A common trend in our recent blog posts has been the importance of reading at home; instilling a love of books early on to prevent any form of reluctance manifesting later. But, what may have slipped between the lines in our latest discussions, is the idea that when we talk about reluctant or struggling readers, we are often talking about adults too. If someone hasn’t had the opportunity to develop functional literacy skills, let alone a love of books, in their childhood, we cannot expect them to magically have them on their 18th birthday. The fact that some children take their struggle to read all the way into adulthood still needs to be addressed.
For those of us that unconsciously turn to reading for pleasure, it is easy to take our literacy for granted. It is hard to imagine what adult life would be like without a decent ability to read yet, according to The Reading Agency, this is a reality for one in six adults. Similarly, as native English speakers, it is just as hard to imagine living in a foreign country without proper knowledge of the language as many immigrants do today. With an inability to communicate, adult life becomes much harder, and with the growing diversity of the UK, it is crucial that we are able to provide teaching resources for immigrants, and disadvantaged adults, who are keen to learn English.
All publishers like to know that their books are making a difference, and Ransom is no exception. So, when we recently heard from a patron of reading at a UK prison, we were ecstatic to learn that our Neutron Stars series had a positive impact on an adult learner, moving from reluctant and frustrated to feeling on top of the world with their progress. We were also very excited to be recommended by The Reading Agency for books that support English language learners in prisons.
There is a great difference between being a children’s publisher and an educational one: with adult classes like ESOL (English for Speakers of Other Languages), especially within prisons, it would be inappropriate to use the same resources that we use in primary schools. When teaching adults to read, it is so important to ensure that they don’t feel patronised, and having reading programmes, like Ransom’s Neutron Stars, that are specifically designed with adult interests in mind, we are one step closer to turning struggle and reluctance into understanding and enjoyment.

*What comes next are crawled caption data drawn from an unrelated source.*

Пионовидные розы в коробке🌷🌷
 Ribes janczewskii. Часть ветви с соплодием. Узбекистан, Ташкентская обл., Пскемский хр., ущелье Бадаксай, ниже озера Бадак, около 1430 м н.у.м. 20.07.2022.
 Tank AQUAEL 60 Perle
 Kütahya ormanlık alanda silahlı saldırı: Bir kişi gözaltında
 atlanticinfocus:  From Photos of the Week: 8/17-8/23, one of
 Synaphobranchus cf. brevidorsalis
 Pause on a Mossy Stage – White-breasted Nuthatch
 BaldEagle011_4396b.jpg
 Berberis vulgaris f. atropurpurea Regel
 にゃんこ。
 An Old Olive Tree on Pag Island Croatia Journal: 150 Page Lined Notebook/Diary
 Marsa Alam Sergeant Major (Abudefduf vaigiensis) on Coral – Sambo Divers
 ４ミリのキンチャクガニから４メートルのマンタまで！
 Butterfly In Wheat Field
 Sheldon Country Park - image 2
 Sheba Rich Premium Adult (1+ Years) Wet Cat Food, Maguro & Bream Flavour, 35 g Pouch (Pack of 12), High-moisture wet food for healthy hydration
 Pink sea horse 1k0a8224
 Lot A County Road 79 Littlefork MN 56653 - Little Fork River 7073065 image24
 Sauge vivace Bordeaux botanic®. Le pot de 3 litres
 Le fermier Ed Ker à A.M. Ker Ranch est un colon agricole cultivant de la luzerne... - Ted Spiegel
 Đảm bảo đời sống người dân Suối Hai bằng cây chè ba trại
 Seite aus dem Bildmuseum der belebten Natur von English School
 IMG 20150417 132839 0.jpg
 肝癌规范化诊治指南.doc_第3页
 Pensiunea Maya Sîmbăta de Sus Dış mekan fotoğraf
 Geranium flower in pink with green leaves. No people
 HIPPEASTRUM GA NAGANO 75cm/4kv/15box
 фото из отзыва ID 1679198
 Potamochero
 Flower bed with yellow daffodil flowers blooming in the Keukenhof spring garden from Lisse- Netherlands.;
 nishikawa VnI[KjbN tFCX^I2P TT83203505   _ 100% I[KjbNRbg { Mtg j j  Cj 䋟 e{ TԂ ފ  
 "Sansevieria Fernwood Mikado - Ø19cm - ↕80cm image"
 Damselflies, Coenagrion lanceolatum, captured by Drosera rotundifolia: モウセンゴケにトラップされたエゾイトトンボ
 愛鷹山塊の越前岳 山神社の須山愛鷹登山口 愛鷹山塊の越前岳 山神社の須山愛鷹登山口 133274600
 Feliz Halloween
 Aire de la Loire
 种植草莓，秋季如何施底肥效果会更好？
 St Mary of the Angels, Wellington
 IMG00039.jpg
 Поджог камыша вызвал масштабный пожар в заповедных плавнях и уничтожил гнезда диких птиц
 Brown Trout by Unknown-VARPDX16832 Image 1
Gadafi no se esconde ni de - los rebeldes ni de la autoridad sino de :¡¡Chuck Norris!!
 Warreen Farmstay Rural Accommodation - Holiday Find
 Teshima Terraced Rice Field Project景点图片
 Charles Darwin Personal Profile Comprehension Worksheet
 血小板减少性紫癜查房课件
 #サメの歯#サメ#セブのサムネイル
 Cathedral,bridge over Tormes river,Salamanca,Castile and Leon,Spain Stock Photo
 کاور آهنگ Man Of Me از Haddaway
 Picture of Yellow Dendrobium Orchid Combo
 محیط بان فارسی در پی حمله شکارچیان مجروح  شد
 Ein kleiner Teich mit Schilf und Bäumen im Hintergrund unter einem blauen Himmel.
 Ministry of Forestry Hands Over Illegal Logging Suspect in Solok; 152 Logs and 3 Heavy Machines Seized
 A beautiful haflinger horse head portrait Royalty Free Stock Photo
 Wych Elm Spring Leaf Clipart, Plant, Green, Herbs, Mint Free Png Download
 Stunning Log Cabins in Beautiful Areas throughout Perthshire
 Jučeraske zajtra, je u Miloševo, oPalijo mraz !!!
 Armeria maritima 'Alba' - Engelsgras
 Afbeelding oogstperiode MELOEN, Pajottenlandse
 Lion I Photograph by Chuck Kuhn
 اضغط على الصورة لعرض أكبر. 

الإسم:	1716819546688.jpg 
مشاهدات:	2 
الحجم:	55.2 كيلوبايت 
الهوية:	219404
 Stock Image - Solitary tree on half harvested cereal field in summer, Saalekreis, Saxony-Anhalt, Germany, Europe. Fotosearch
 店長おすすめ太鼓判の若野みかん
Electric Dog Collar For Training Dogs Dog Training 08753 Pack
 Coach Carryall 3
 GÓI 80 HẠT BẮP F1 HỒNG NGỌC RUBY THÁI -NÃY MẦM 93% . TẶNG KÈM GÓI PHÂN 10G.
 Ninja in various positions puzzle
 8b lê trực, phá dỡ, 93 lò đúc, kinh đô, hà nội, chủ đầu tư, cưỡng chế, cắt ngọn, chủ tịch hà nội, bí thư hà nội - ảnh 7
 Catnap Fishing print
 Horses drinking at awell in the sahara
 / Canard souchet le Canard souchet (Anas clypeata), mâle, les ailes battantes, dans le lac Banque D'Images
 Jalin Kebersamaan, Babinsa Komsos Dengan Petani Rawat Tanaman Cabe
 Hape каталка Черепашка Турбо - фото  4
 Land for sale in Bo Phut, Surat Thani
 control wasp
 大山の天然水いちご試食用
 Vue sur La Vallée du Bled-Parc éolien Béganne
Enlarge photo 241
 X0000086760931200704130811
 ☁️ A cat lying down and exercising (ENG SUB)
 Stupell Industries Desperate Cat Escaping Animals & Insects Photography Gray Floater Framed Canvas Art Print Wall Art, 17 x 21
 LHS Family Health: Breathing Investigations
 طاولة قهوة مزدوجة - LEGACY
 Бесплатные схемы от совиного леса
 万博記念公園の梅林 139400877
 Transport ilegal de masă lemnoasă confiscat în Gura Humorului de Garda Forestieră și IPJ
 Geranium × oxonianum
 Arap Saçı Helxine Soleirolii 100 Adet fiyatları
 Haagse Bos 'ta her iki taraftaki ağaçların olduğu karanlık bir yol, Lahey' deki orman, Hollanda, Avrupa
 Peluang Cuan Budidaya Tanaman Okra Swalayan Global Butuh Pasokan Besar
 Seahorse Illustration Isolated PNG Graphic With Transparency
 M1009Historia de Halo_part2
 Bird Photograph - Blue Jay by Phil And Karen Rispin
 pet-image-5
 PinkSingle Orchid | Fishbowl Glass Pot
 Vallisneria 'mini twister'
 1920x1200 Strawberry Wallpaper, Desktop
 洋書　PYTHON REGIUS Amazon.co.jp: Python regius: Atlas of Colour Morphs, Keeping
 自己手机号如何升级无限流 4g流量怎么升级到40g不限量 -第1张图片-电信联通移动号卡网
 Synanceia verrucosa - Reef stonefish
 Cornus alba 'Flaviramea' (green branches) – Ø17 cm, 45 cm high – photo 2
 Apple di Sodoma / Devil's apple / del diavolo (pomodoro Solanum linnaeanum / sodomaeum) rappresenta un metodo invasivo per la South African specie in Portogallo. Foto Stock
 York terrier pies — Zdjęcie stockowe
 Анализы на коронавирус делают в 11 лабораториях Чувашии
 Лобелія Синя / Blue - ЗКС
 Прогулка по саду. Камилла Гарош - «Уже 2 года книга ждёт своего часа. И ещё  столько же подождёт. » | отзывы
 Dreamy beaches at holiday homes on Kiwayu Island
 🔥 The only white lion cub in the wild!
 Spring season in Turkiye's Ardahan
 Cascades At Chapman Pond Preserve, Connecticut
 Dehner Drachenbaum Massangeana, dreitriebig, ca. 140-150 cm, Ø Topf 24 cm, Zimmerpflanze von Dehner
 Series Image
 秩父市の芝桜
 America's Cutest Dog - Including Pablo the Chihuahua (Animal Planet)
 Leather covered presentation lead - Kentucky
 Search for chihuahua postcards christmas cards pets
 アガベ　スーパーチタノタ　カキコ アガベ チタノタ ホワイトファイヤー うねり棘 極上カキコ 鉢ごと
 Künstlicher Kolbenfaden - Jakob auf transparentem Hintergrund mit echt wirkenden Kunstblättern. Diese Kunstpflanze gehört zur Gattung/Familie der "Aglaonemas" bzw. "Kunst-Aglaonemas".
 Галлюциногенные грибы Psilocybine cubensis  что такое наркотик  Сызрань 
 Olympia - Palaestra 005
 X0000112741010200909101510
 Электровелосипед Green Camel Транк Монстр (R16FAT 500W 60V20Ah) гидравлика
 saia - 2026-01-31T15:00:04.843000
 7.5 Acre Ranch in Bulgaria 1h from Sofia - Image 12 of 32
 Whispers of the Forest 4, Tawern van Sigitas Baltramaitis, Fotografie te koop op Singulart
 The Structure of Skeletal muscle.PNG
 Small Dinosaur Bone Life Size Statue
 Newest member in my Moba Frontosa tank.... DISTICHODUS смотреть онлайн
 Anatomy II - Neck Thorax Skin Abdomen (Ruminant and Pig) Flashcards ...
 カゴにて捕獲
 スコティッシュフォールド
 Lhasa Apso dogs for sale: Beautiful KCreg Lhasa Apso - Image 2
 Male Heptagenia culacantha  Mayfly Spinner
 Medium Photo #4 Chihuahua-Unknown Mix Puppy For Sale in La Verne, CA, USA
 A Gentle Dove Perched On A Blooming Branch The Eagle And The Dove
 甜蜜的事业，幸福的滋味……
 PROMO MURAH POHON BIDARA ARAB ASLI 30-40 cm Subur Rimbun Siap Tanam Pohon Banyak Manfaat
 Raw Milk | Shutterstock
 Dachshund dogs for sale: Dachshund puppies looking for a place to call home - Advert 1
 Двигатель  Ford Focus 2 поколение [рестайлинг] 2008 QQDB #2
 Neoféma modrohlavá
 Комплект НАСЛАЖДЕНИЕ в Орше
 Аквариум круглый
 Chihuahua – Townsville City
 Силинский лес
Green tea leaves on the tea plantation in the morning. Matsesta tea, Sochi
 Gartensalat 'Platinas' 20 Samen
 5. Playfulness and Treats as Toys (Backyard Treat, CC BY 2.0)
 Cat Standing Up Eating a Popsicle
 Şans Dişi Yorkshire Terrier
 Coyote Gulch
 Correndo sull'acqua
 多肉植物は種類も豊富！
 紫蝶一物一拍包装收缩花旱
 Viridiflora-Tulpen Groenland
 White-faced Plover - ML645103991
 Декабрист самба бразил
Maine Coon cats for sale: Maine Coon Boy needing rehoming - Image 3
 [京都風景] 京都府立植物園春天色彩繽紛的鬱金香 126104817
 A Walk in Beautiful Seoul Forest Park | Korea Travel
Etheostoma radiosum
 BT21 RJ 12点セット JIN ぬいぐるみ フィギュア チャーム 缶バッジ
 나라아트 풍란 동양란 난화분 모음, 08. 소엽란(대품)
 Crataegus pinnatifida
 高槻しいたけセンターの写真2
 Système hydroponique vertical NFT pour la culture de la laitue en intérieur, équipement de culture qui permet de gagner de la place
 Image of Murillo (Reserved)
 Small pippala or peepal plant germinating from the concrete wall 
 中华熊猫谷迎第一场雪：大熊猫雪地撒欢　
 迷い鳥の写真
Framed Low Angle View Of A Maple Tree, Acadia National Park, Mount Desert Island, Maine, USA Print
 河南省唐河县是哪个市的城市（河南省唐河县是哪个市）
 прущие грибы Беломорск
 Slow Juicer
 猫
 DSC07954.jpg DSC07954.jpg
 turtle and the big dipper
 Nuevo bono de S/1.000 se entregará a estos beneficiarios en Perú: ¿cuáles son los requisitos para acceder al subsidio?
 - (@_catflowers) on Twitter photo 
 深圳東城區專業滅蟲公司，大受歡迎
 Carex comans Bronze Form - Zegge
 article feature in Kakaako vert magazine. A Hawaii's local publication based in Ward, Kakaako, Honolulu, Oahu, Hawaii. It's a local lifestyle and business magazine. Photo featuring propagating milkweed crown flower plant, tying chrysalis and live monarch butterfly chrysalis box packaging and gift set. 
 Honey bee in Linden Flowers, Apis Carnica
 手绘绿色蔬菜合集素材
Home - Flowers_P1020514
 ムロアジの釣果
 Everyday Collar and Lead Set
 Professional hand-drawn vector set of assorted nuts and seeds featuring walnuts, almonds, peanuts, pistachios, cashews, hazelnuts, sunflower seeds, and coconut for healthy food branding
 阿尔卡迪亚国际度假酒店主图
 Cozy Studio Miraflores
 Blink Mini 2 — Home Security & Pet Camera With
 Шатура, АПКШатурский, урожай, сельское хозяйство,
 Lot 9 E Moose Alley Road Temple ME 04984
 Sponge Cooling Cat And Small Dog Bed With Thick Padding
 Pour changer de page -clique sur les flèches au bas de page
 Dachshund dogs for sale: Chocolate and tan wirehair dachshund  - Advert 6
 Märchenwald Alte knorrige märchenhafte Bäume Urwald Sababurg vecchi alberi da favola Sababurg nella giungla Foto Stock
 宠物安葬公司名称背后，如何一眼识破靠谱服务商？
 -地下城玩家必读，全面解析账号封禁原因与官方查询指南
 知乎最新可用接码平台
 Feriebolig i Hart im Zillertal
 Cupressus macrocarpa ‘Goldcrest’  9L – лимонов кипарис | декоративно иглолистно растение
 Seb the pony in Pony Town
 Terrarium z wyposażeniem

While our previous emphasis on instilling reading as a passion in children as early as possible is still very much a Ransom priority, it is also our passion to dedicate books to adults who desperately need literacy skills. It cannot be understated how much basic literacy skills can turn a life around. Whatever your views on the justice system, we cannot deny that every human has the right to learn to read, let alone enjoy it. From rehabilitating prison inmates to teaching immigrants our native English, literacy in these adults’ lives can be an amazing fresh start, and it gives us great pride to support these programmes.